Mahabharata of Vyasa (Badarayana, krishna-dwaipayana) translated by Kisari Mohan Ganguli is perhaps the most complete translation available in public domain. Mahabharata is the most popular scripture of Hindus and Mahabharata is considered as the fifth veda. We hope this translation is helping you.

Section CXXXII

"Lomasa said, 'See here, O lord of men, the sacred hermitage of Swetaketu, son of Uddalaka, whose fame as an expert in the sacred mantras is so widely spread on earth. This hermitage is graced with cocoanut trees. Here Swetaketu beheld the goddess Saraswati in her human shape, and spake unto her, saying, 'May I be endowed with the gift of speech!" In that yuga, Swetaketu, the son of Uddalaka, and Ashtavakra, the son of Kahoda, who stood to each other in the relation of uncle and nephew, were the best of those conversant with the sacred lore.

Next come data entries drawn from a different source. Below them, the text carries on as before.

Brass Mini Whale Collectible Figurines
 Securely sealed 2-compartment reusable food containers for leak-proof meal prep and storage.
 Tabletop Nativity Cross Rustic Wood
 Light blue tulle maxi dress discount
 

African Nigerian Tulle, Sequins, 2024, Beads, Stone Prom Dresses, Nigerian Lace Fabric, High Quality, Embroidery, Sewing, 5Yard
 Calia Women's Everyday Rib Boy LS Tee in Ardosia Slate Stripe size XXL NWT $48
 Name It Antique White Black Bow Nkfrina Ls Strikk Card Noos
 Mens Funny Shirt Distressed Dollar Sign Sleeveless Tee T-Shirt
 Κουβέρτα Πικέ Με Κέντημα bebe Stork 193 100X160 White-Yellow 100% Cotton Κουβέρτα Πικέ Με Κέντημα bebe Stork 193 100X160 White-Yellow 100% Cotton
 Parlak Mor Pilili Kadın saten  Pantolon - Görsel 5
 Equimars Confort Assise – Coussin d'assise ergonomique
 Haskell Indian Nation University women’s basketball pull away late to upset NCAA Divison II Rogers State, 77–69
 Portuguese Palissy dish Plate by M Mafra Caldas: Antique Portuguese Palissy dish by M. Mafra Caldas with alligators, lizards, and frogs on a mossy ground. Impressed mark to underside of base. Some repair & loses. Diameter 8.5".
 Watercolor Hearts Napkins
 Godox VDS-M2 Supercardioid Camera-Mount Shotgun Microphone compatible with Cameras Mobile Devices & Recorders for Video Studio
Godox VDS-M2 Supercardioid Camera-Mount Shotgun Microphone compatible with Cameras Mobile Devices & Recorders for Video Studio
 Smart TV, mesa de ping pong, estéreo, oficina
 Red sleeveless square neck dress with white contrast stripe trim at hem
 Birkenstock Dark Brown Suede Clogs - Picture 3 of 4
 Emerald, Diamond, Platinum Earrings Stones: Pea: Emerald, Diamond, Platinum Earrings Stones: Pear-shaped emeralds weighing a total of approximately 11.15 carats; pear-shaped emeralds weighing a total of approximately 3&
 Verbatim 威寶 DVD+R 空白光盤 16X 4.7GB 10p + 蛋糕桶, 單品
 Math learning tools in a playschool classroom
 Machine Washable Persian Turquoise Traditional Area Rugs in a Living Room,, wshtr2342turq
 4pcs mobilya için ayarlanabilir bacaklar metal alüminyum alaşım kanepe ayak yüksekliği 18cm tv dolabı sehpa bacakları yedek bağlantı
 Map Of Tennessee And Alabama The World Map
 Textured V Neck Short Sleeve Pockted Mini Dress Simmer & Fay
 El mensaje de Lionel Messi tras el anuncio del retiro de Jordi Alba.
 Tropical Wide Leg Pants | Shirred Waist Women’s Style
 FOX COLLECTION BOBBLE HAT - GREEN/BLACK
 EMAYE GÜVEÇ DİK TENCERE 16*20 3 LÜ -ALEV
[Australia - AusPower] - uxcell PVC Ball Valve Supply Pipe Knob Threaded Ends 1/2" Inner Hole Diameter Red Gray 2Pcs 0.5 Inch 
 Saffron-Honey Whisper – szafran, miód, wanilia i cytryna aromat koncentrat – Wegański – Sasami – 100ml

Those two Brahmanas, of matchless energy, who bore unto each other the relationship of uncle and nephew, went into the sacrificial ground of king Janaka and there defeated Vandin in a controversy. Worship, O son of Kunti, with thy brothers, the sacred hermitage of him who had for his grandson Ashtavakra, who, even when a mere child, had caused Vandin to be drowned in a river, after having defeated him in a (literary) contest.'

"Yudhishthira said, Tell me, O Lomasa, all about the power of this man, who had in that way defeated Vandin. Why was he born as Ashtavakra (crooked in eight parts in his body)?"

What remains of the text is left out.